### ACTION ITEM
Please return only the lines from the one with "in Spring Moss/Silver..." through the final line of the data, unchanged, with pictures omitted.

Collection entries
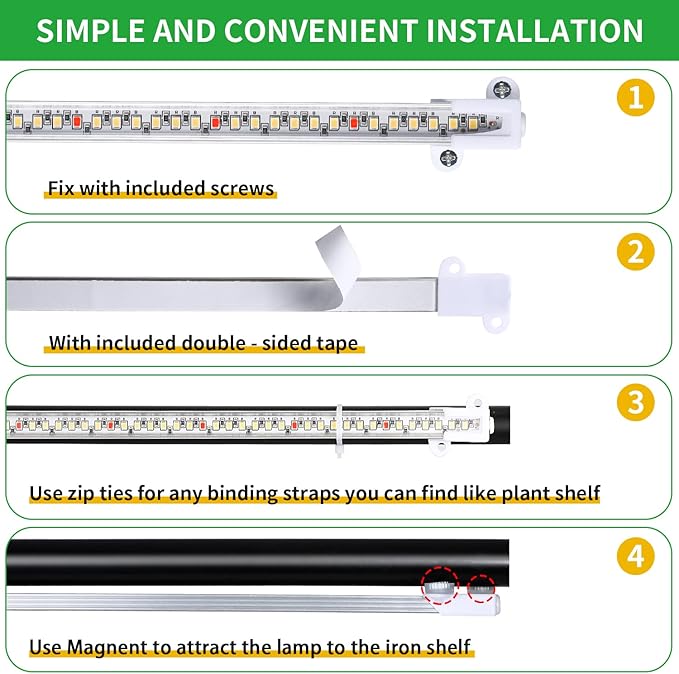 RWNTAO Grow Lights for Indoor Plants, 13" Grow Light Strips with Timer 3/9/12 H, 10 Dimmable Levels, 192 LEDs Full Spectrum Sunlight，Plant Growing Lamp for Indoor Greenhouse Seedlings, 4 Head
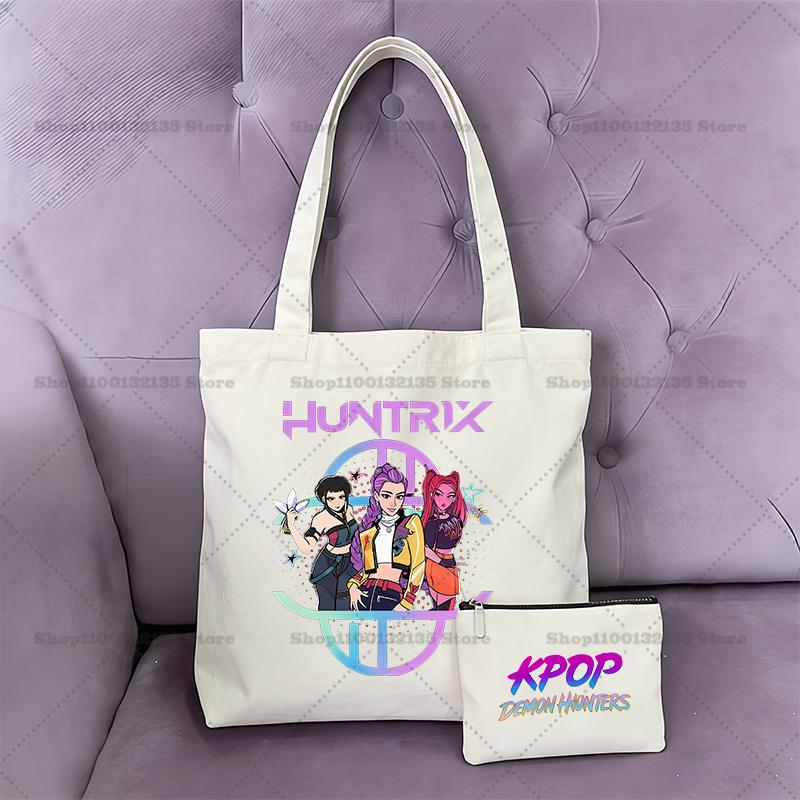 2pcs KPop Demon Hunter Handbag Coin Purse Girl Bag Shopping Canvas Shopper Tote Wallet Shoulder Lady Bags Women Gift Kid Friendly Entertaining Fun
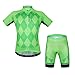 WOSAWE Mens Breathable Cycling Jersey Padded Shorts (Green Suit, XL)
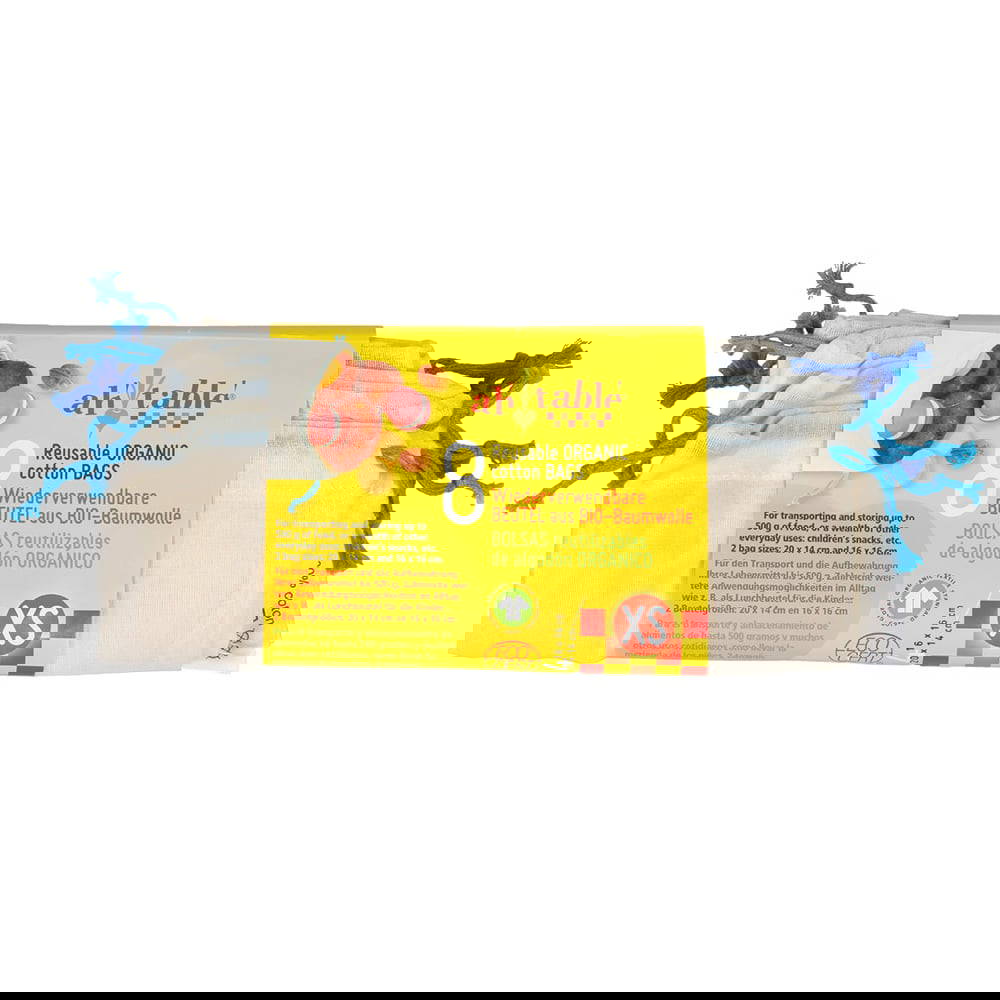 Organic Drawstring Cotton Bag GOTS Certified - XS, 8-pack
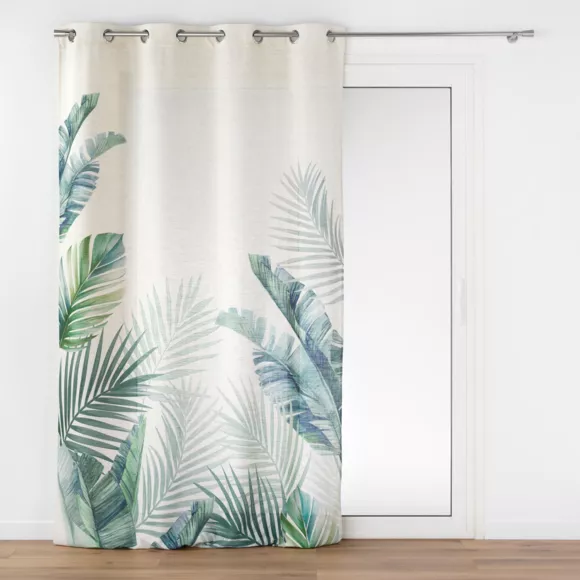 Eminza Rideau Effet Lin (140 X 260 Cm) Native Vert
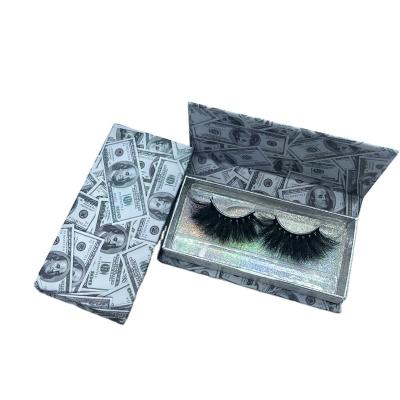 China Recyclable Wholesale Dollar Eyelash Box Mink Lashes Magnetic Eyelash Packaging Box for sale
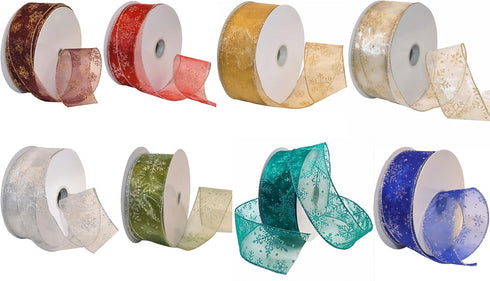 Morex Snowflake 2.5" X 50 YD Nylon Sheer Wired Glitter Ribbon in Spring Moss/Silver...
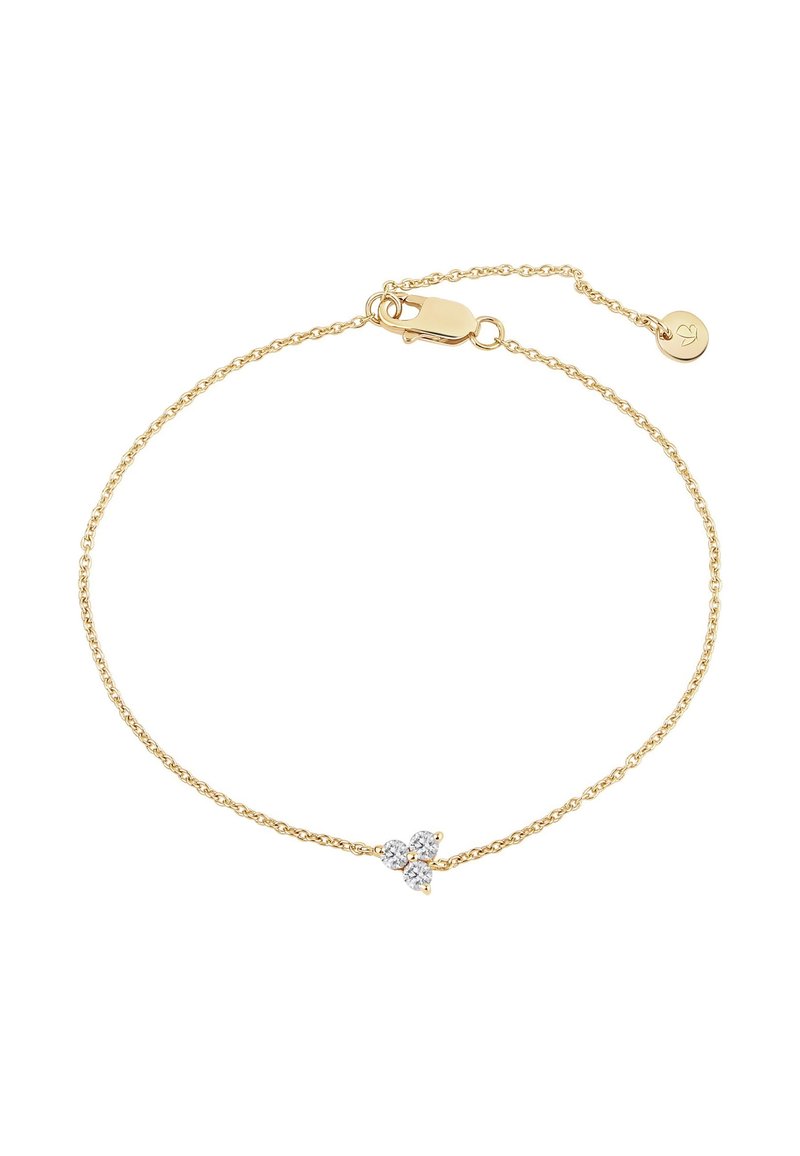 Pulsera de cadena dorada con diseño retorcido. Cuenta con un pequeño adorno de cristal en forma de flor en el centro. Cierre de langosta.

### RESPONSE
 Morex Snowflake 2.5" X 50 YD Nylon Sheer Wired Glitter Ribbon in Spring Moss/Silver...
 Pulsera de cadena dorada con diseño retorcido. Cuenta con un pequeño adorno de cristal en forma de flor en el centro. Cierre de langosta.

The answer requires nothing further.